Opening very large CSV files in the browser
Last week I talked about opening a very large CSV file within ElectronJS based app. That post talked about how to work around the 500MB limit of a string in JavaScript for Chromium browser. I decided to push the boundary so that even larger CSV files can be opened. It turns out it is possible to open even larger files and the same techniques can be used in both ElectronJS (or NodeJS) but also within the browser.
Eventually, SQL Frames managed to load more than 1GB file with 10 million records first in ElectronJS and then within the standard Chrome browser itself. Here is how it was done.
DEMO
If you have a large CSV file handy, see if it can be processed within the browser using the following UI.
Your file is completely processed within the browser and is not uploaded to any server.
Immutability and substrings
In JavaScript, strings are immutable. See the following code to understand this.
let x = 'abcdef';
x[1] = 'z';
console.debug(x);
> 'abceef' // the result is still 'abcdef' because x can't be mutated
See Mutable for more details about mutablity in JavaScript.
When someone needs a substring of a given string, it is possible to create a brand new string containing the substring value or make use of the original string as the backing store for the substring by just keeping track of the start and end positions. This later optimization works well in some cases and V8 engine makes use of this optimization. The problem with this optimization is that if the original string is several MB but the final substring is only a few bytes, it still retains the original string in memory costing a lot of memory.
When parsing a CSV file, the file is first read and the then processed in chunks. When processing 1 GB file, each chunk can be potentially a few MB and all of these raw strings are retained in memory if the corresponding fields just use substring function to get their values. This is what Papa Parse and most programs do.
Lot of reallife data has a lot of repeating values. String and date dimensions and even many numbers repeat quite a bit. Imagine each of these unique values are tracked and all the repeations are substituted with these unique values.
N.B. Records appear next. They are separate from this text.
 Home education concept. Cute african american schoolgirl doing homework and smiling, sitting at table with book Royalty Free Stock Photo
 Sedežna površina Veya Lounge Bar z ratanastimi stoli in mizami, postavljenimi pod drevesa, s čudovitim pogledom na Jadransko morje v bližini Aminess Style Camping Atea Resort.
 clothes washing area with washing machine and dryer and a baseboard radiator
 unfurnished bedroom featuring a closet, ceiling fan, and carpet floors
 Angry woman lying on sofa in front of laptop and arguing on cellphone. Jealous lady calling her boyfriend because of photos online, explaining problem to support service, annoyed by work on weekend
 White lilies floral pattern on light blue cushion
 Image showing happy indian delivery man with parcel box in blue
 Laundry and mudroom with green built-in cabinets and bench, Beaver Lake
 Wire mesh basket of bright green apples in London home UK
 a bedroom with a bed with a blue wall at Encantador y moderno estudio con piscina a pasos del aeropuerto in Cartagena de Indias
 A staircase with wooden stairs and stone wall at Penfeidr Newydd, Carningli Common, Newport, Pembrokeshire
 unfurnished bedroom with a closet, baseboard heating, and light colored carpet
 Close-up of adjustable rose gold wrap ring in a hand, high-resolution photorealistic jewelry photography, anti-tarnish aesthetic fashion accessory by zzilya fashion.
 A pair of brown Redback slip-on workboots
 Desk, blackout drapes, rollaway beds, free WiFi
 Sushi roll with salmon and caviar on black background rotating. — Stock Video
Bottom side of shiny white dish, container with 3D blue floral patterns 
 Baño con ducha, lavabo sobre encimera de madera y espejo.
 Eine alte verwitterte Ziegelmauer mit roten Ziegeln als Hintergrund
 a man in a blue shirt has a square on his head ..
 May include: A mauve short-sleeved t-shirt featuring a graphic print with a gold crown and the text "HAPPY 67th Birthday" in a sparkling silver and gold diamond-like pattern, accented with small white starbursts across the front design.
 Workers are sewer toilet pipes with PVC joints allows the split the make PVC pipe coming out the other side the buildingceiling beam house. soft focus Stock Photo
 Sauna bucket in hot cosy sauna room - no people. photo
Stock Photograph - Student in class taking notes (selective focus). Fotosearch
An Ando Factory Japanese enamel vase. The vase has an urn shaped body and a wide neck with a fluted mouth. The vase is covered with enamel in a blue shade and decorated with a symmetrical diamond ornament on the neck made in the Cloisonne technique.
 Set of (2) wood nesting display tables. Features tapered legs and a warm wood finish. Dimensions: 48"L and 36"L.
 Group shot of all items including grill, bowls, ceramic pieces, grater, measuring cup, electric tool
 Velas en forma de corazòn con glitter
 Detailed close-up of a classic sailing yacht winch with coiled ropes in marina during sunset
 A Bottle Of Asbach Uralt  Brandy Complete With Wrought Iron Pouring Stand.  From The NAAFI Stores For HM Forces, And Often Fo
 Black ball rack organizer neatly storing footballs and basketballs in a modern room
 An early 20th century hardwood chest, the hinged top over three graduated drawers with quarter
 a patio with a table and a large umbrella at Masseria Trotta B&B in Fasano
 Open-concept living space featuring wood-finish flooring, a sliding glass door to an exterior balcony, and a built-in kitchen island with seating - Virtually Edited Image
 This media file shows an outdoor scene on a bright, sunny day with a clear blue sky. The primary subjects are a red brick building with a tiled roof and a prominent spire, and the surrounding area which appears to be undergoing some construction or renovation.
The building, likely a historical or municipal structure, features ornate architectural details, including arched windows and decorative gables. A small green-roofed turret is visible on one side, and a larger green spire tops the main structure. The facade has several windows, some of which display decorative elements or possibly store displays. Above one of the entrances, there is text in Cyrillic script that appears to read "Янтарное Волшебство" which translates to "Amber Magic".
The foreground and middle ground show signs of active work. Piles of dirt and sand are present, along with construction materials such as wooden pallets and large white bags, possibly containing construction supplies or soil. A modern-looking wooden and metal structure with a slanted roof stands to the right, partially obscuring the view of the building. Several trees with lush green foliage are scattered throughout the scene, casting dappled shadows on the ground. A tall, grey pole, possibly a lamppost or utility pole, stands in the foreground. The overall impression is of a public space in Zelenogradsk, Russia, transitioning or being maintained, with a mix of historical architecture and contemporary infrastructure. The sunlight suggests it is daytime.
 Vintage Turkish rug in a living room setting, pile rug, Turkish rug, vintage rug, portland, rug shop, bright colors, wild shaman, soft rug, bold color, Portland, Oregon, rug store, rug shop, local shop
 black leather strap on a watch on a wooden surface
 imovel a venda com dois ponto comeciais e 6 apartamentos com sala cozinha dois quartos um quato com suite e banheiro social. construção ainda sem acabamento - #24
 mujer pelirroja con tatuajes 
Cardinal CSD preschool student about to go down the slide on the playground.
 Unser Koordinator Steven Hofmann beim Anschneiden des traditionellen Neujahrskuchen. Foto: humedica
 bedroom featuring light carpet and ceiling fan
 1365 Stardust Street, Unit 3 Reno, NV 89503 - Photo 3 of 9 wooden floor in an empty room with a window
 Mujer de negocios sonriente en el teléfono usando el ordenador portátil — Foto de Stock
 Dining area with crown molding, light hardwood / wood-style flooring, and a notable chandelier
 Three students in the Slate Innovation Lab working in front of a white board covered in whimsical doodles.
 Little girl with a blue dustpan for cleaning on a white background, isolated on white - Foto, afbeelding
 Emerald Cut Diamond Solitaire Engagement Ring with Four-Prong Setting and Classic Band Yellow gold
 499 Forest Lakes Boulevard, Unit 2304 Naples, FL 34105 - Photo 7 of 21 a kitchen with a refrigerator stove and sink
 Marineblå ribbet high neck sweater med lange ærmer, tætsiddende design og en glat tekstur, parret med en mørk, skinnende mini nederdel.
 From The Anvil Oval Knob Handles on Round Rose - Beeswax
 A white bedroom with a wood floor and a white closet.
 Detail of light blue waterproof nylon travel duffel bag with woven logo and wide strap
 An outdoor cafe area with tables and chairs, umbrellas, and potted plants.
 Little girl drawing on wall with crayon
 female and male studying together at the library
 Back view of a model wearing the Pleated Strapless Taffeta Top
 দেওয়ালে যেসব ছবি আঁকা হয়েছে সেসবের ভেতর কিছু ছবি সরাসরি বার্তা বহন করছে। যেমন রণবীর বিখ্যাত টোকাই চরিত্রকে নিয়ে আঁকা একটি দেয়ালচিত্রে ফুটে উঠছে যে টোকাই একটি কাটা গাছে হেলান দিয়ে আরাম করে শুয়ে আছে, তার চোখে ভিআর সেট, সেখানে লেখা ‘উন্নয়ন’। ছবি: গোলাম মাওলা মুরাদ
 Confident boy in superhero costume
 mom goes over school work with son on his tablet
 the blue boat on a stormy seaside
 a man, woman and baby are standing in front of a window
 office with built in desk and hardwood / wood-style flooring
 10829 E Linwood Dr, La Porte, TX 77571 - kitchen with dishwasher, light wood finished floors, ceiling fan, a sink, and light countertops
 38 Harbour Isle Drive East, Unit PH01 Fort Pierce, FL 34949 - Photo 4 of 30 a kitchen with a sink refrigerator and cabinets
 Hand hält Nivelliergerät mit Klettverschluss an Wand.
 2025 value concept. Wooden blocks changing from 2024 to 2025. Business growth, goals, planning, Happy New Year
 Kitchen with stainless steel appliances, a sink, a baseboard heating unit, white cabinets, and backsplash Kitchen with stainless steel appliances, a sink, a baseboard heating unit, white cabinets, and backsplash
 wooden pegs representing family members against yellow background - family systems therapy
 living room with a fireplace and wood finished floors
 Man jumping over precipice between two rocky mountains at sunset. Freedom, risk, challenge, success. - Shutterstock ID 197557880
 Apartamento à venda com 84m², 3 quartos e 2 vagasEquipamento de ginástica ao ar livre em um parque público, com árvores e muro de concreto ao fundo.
This can drastically reduce the size requirements. However, by using the substring, we lose the ability to make use of a smaller string. While there is no fix from V8 yet, one workaround is the following
let x = 'SQL Frames rocks!';
const sqlframes = (' '+x.substring(0,10)).substring(1);
What we are doing is to take a substring, prepend it with a blank character which forces creation of a new string and then getting a substring out of it by discarding the first character.
Web Workers
These optimizations almost worked except it failed when using web workers with Papa Parse. In case of ElectronJS web worker was not possible because of some object cloning issue and so web workers were not used but was able to parse 1+ GB file with 10 million rows.
However, this technique didn't work in the browser and I almost assumed it that it won't be possible to fix. However, I noticed that by disabling web workers the browser behavior was indeed indentical to the ElectronJS version and could successfully parse the same large CSV file.
Upon investigation it turns out, when using web workers, it is not possible to control the incoming stream of data. Papa Parse has the ability to pause/resume but it doesn't work with web workers. Because of this, the entire file is being read into memory. Ironically, you typically need a web worker when dealing with a large file as it takes more time to process but it is also in this scenario that it can cause memory problems! For the moment, SQL Frames decided to disable web workers by default.